Stored data entries:
........

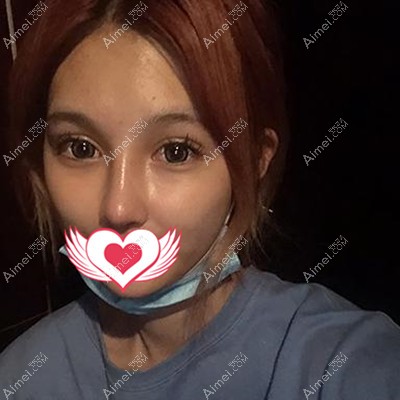 在呼和浩特华医做隆鼻手术术后半个月效果分享 在呼和浩特华医做隆鼻手术术后半个月效果分享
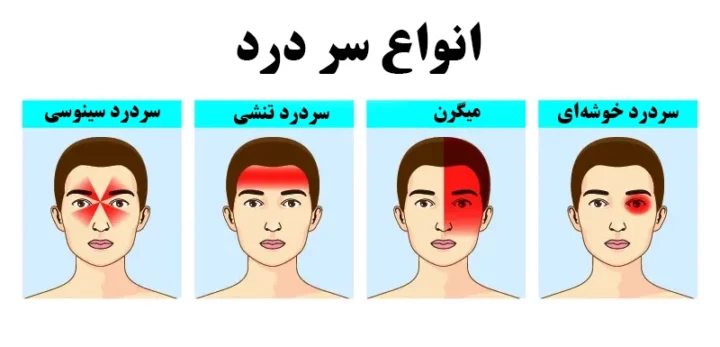 سردرد: راهنمای جامع انواع، علائم خطرناک و جدیدترین درمانها headaches migraines.jpg 1 720x347 - سردرد: راهنمای جامع انواع، علائم خطرناک و جدیدترین درمانها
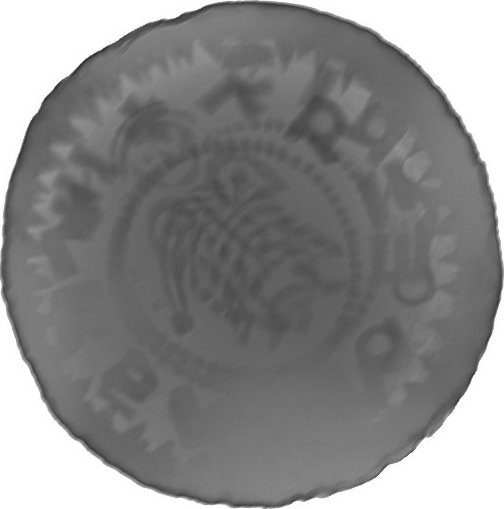 RTG snímek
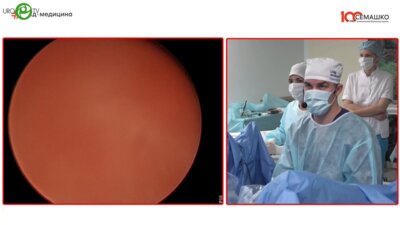 Дымов А.М. - Тулиевая энуклеация простаты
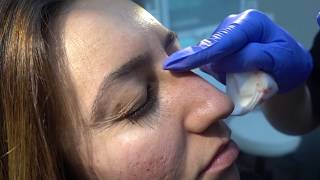 NonSurgical Nose Job NSNJ using Restylane [upl. by Alisander]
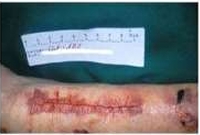 <p>Skin Tears: Category I Linear type/Flap Type </p>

........

Give back only the lines from the one that carries "Дымов А.М. - Тулиевая энуклеация простаты" through the final line above, both included. Drop all pictures.

 Дымов А.М. - Тулиевая энуклеация простаты
 NonSurgical Nose Job NSNJ using Restylane [upl. by Alisander]
 <p>Skin Tears: Category I Linear type/Flap Type </p>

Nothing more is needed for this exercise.